Silence in Diaz’s film thus appears to be an indicator for Florentina’s loss of childhood. Yet, in fact, he alters the meaning of silence throughout the film. While the absence of sound can function as a metaphorical image of the loss of childhood and of innocence, in other scenes silence implies the reverse.

After Florentina disclosed some of her horrors for the first time in the film, a straight cut brings us to the woods, in which a small girl, supposedly Florentina, jumps around as if playing. Indeed, later in the film she explains that “we [the Giants and Florentina] are always playing. We play hide and seek in the forest. We run around the rocks. We frolic under the stars. We dance.”Her child’s play in the forest amidst absolute silence underlines the themes of peace and innocence. The forest thus plays an essential role in the creation of a feeling of innocence and peace. It is a repeated motif of refuge in the film.

Florentina on rock

It is established as such at the beginning of the film, when Florentina flees from the hands of a man, who wants to buy her. She escapes into the forest and waits for her grandfather. Later in the film, when she makes an attempt at running away from her father, she hides in the forest again. She tries to find a hiding place behind bushes and trees, and then crouches at the right hand side of the frame. A little later, she lays on a rock as if resting. These scenes are accompanied by peaceful ambient sounds, which emphasise Florentina’s feeling of safety, and which also gives the viewer a moment of escapism.

Yet, the forest is only a place of assumed safety. Florentina is caught by her father, dragged home on a leash, and chained to her bed. She also discloses that “Mother and I always hide in the forest. We crawl on the ground …but father saw us, and caught up on mother.”Hence, on the one hand, the forest is an idyllic place of peace for Florentina, in which she repeatedly seeks refuge and seemingly plays with the Giants, who give her a sense of joy and childish innocence. On the other hand, the forest fails to protect Florentina and causes her, her mother and her grandfather harm. Her mother is beaten to death following her escape to the forest. Her grandfather, too, is beaten. Thus, the forest is merely a fairy tale escape, which, in reality, aggravates Florentina’s suffering.

 

Conclusion

In conclusion, then, I would like to point to a statement by Lav Diaz made in an interview: “I want them to struggle also.”With them, he means us, the audience, and the range of sound he uses – from acoustic stress to absolute silence – forces the viewer to struggle in metaphorically similar ways to the film’s main character, Florentina.

The sudden disruption of sound, and its replacement by absolute silence is used to convey aspects of trauma, in particular the effects of disorientation and loss of temporality.

The scenes of absolute silence have two main functions. First, as sound can support a preferred reading induced by the director, absolute silence allows the viewer to read a specific scene in his or her way. Second, the absence of sound deprives the viewer-listener, of the main sensory information, rendering him or her as helpless as Florentina.
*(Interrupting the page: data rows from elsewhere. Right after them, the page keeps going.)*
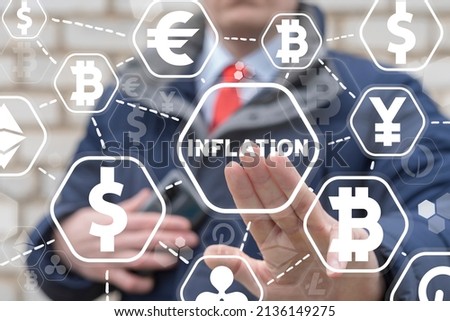 Concept of inflation financial crisis. Inflationary processes in the economy, trade market, fiat and crypto currencies. Economic recession.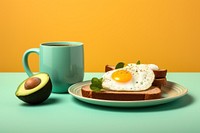 Plate egg cup avocado. 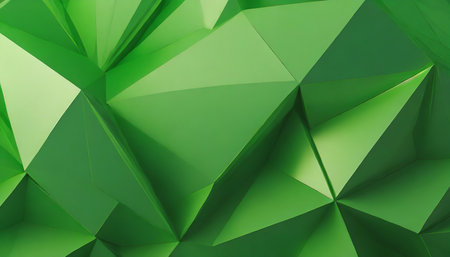 green background green crystal background with triangles 3d rendering enchanting green crystal background generative aiの素材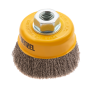 Щетка для УШМ DENZEL 746043, 75 мм, «чашка», витая нержавеющая проволока 0.3 мм, М14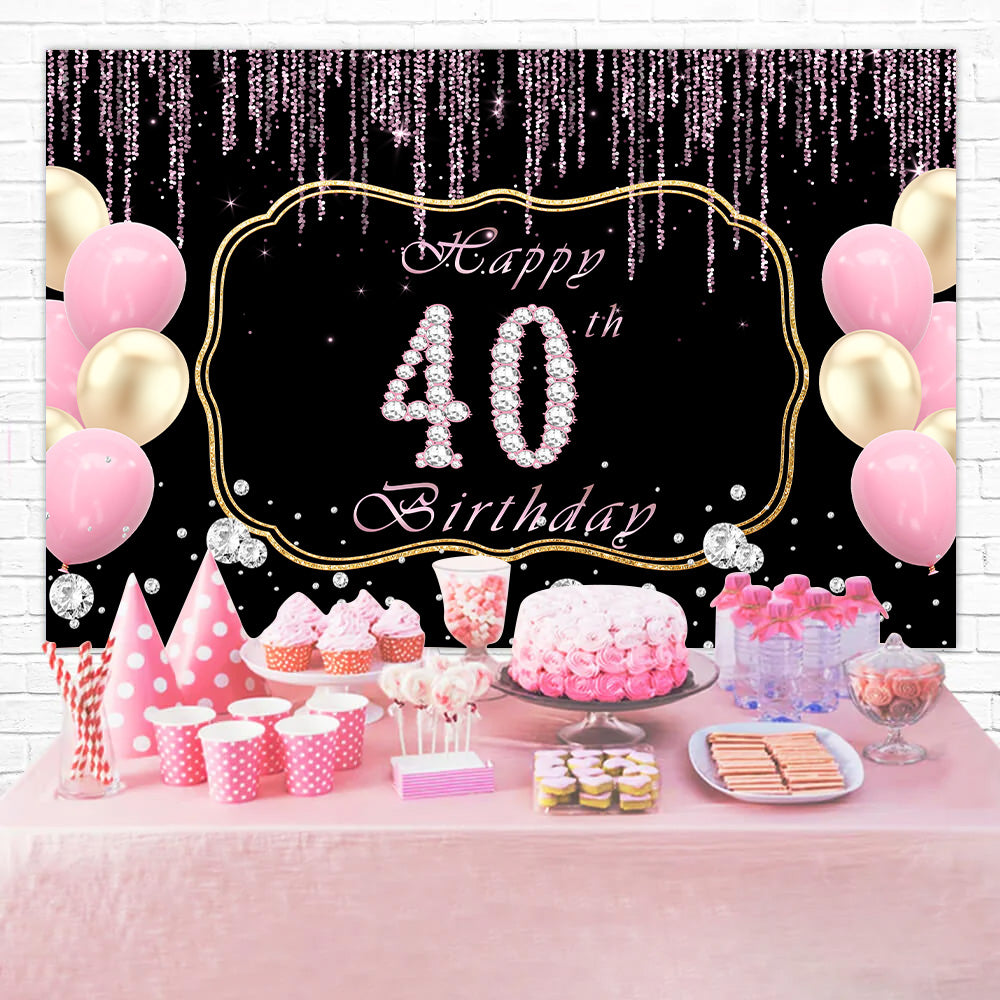 40th Birthday Backdrop Glittering Gold Pink Balloon Backdrop UK RR12-76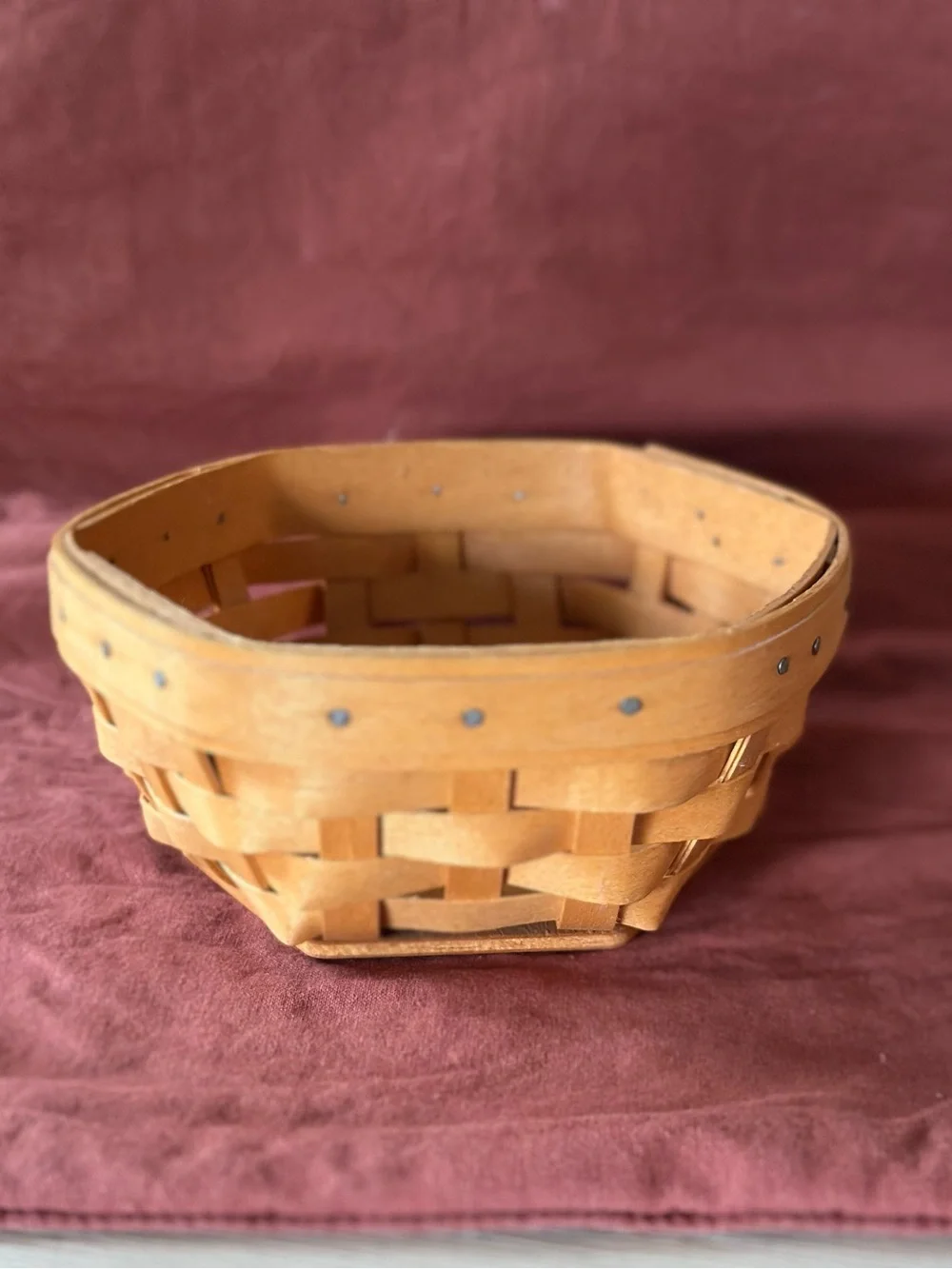 Longaberger Hexagon-Shaped Basket with Fabric Liner and Protector (2001)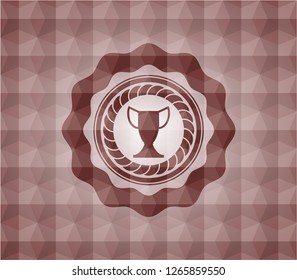 trophy icon inside red emblem or badge with abstract geometric polygonal pattern background. Seamless.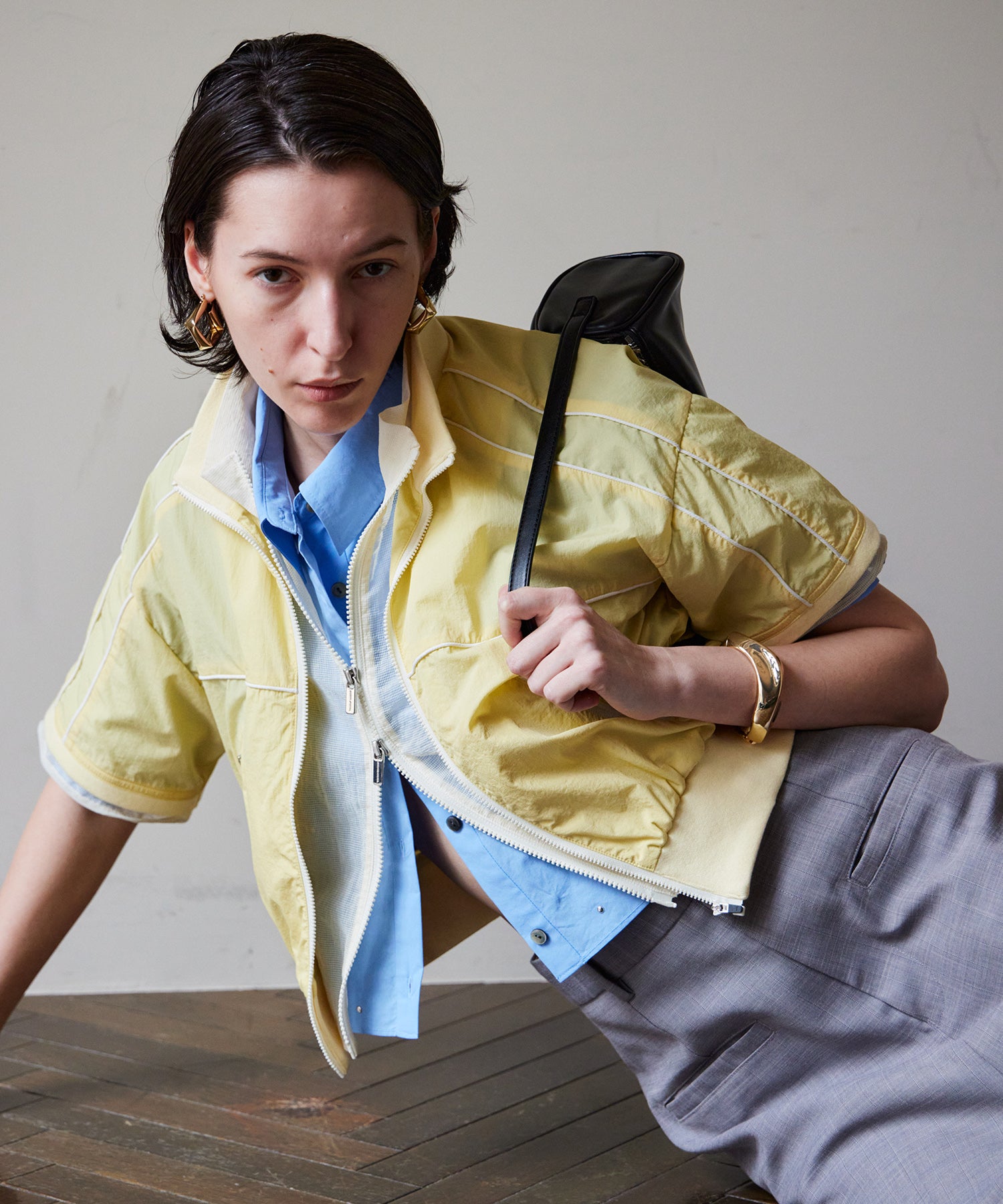 yumi様　ダブルスタンダード　配色ラインショートジャージブルゾン Double Zip Track Blouson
It is the first time Diaz has experimented with the power of sound and silence. Throughout his six-hour film, Diaz exposes the audience to repeated shock situations, which are similar to the chain of traumatic events Florentina has to endure; a repeated bashing of the head against the wall, as Diaz describes it, sowing the seeds for a slow degeneration of the brain and the gradual loss of memory, sensory perceptions, and, eventually, of life.